Recorded data:
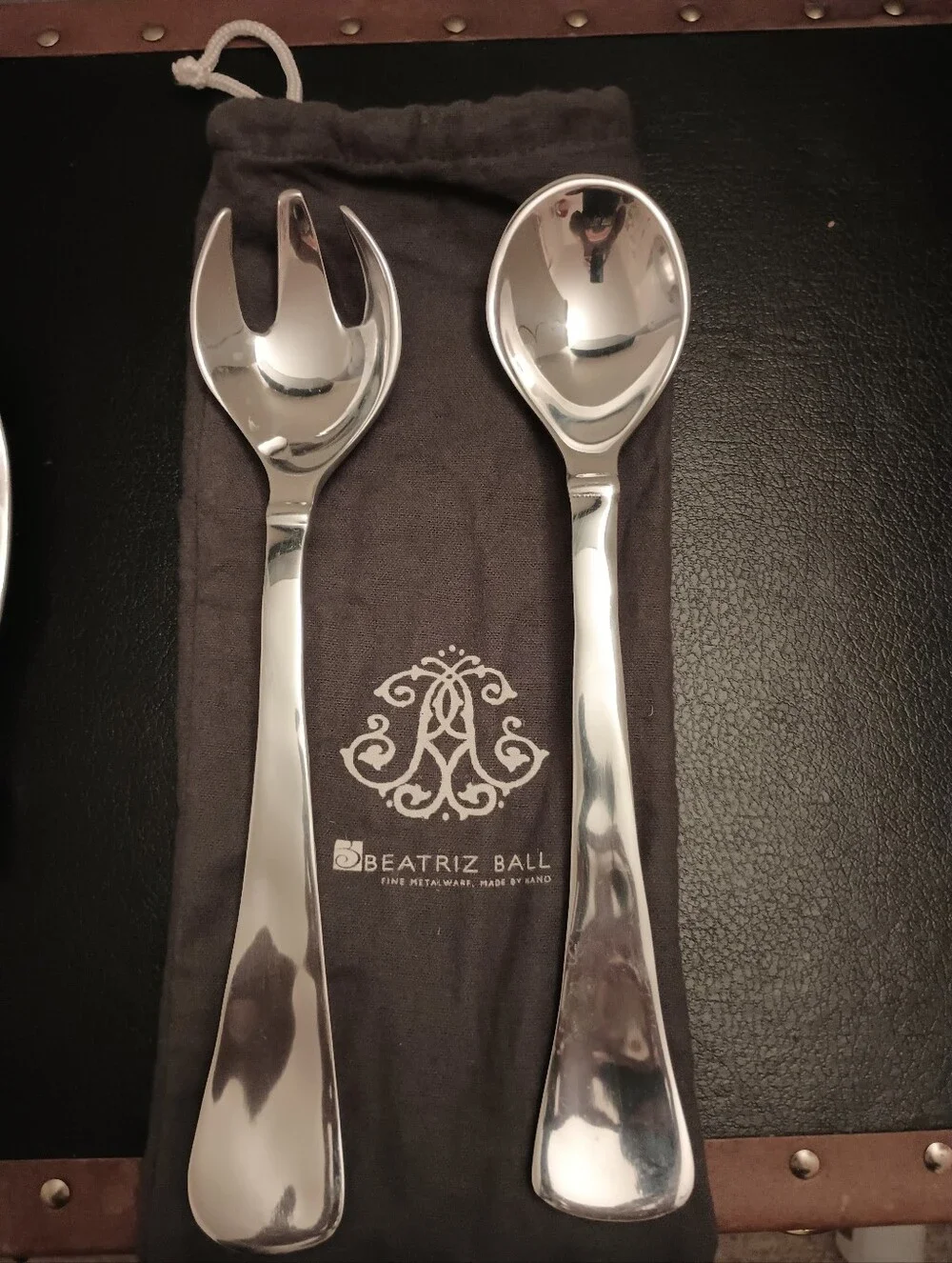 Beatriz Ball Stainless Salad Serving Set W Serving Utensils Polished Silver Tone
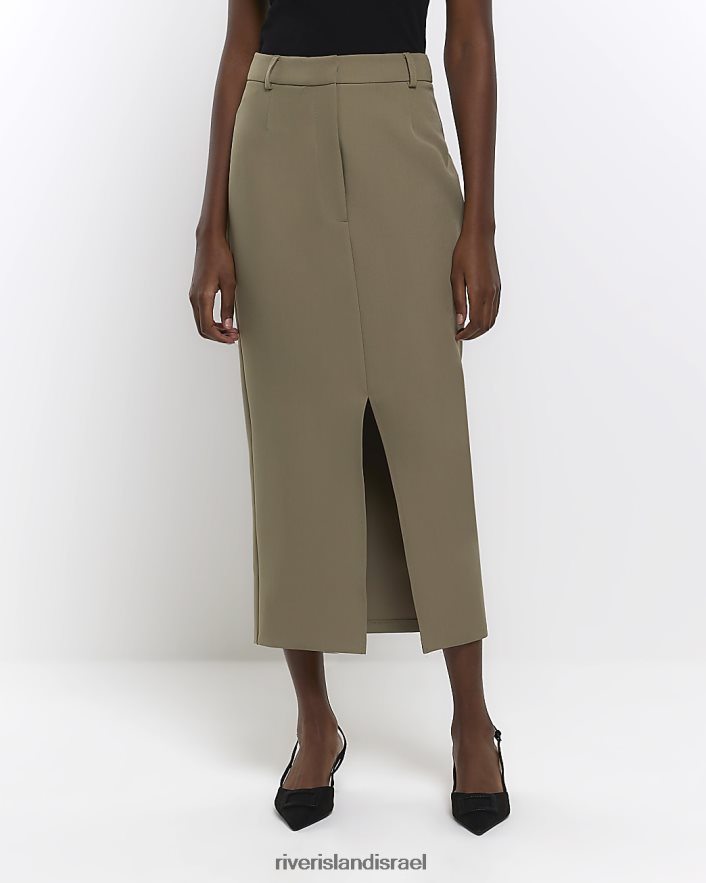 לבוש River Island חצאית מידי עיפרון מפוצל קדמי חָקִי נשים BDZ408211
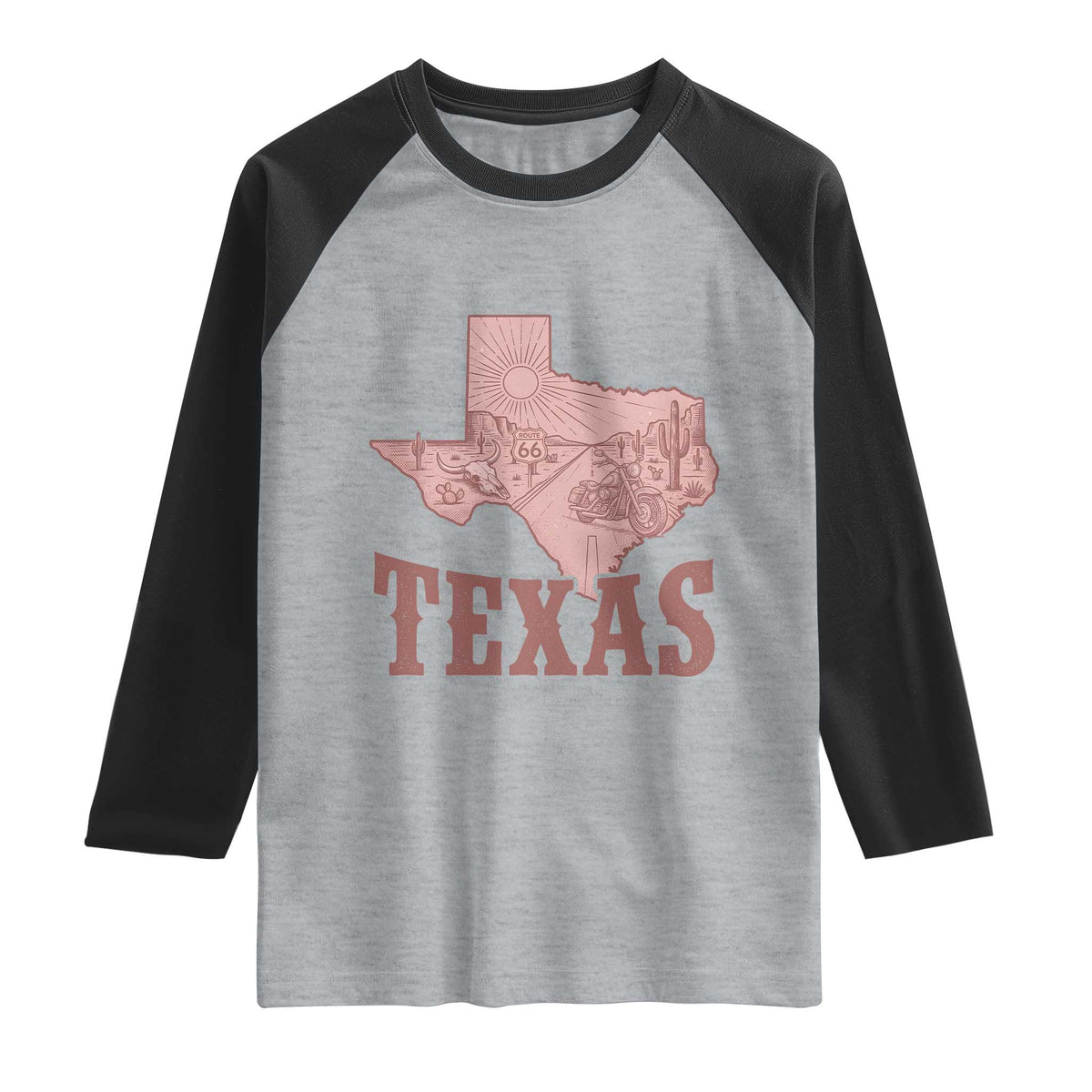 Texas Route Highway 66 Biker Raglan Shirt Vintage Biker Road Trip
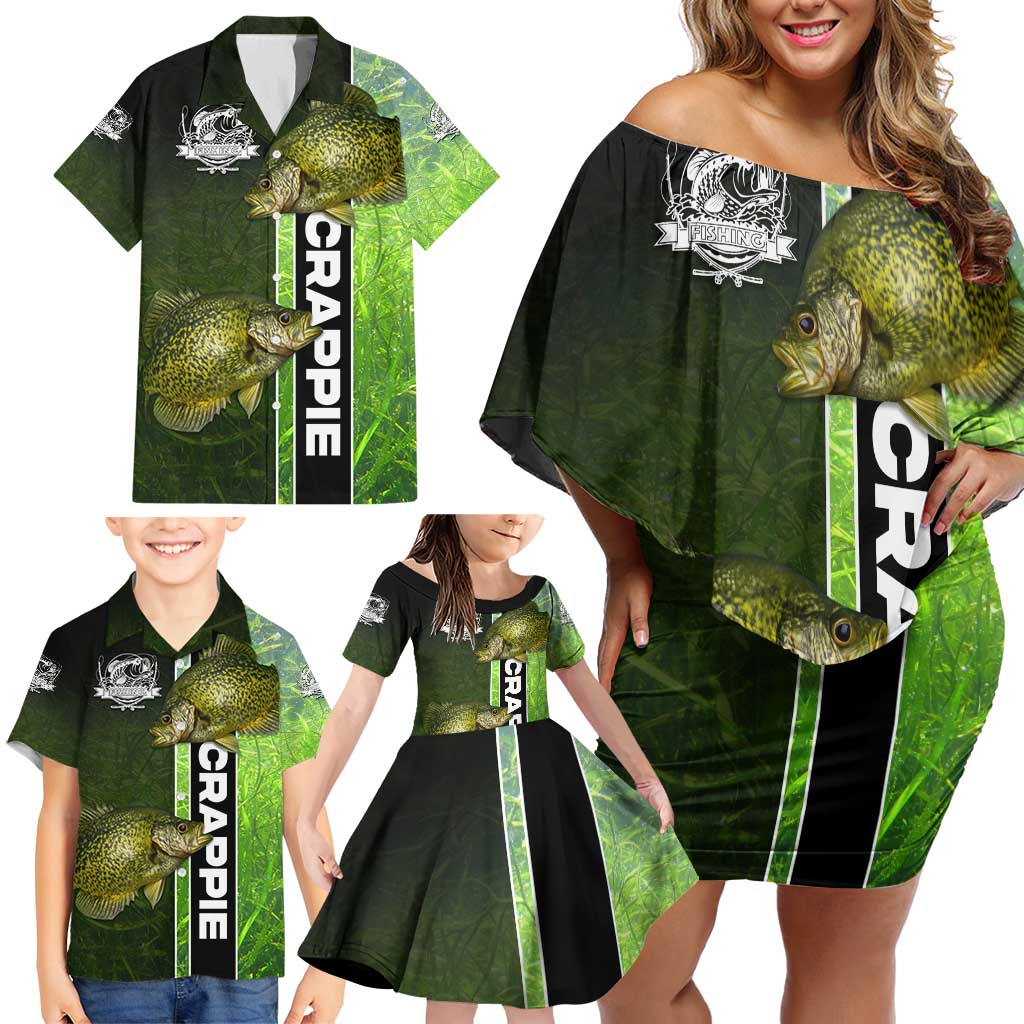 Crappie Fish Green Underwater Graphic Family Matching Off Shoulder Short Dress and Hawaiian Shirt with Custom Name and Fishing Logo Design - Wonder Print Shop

Task objective:
No pictures belong in the copy. Return exactly the lines from the line containing "לבוש River Island" through the last line of the listing.

Solution below:
 לבוש River Island חצאית מידי עיפרון מפוצל קדמי חָקִי נשים BDZ408211
 Texas Route Highway 66 Biker Raglan Shirt Vintage Biker Road Trip
 Crappie Fish Green Underwater Graphic Family Matching Off Shoulder Short Dress and Hawaiian Shirt with Custom Name and Fishing Logo Design - Wonder Print Shop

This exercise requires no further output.